▶ [Problem description] The entries below contain a stretch that opens with the line containing "دارو درمان پرشین پاد" and closes with the line containing "Забайкальская кучерявая. 2020"; set down that stretch exactly, both ends included, and nothing else.

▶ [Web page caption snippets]
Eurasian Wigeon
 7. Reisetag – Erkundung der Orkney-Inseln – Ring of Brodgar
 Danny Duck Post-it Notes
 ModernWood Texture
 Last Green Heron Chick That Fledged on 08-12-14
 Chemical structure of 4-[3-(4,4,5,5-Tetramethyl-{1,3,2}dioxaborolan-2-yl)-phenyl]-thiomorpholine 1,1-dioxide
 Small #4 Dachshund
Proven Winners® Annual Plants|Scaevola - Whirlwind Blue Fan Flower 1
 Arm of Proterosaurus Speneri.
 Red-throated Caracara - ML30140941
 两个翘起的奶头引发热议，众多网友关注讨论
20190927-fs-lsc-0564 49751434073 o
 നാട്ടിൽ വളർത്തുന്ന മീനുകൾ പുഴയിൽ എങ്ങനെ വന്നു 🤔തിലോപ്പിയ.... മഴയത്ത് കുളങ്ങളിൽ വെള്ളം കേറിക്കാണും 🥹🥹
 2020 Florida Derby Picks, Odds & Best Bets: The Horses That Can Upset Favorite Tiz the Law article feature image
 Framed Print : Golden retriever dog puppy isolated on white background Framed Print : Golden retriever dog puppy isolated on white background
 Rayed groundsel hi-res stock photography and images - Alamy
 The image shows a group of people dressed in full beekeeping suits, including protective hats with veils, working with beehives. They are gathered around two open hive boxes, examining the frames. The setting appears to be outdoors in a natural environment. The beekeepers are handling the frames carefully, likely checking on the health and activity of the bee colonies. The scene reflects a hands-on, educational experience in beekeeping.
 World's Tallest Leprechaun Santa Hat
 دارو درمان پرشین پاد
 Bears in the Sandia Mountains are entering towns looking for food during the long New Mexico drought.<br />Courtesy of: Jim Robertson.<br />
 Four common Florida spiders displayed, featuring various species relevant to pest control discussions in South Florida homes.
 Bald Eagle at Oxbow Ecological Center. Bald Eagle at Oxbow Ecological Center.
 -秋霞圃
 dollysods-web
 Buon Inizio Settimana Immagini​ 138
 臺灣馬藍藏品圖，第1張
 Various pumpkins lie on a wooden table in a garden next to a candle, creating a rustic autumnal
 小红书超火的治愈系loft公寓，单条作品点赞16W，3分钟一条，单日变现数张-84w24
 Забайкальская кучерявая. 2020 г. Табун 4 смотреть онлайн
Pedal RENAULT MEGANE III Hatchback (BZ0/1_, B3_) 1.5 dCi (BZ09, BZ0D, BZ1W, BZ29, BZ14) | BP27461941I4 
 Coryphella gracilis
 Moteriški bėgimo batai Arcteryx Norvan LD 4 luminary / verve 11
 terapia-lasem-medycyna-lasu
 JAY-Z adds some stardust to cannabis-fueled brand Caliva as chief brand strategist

▶ [Written response]
 دارو درمان پرشین پاد
 Bears in the Sandia Mountains are entering towns looking for food during the long New Mexico drought.<br />Courtesy of: Jim Robertson.<br />
 Four common Florida spiders displayed, featuring various species relevant to pest control discussions in South Florida homes.
 Bald Eagle at Oxbow Ecological Center. Bald Eagle at Oxbow Ecological Center.
 -秋霞圃
 dollysods-web
 Buon Inizio Settimana Immagini​ 138
 臺灣馬藍藏品圖，第1張
 Various pumpkins lie on a wooden table in a garden next to a candle, creating a rustic autumnal
 小红书超火的治愈系loft公寓，单条作品点赞16W，3分钟一条，单日变现数张-84w24
 Забайкальская кучерявая. 2020 г. Табун 4 смотреть онлайн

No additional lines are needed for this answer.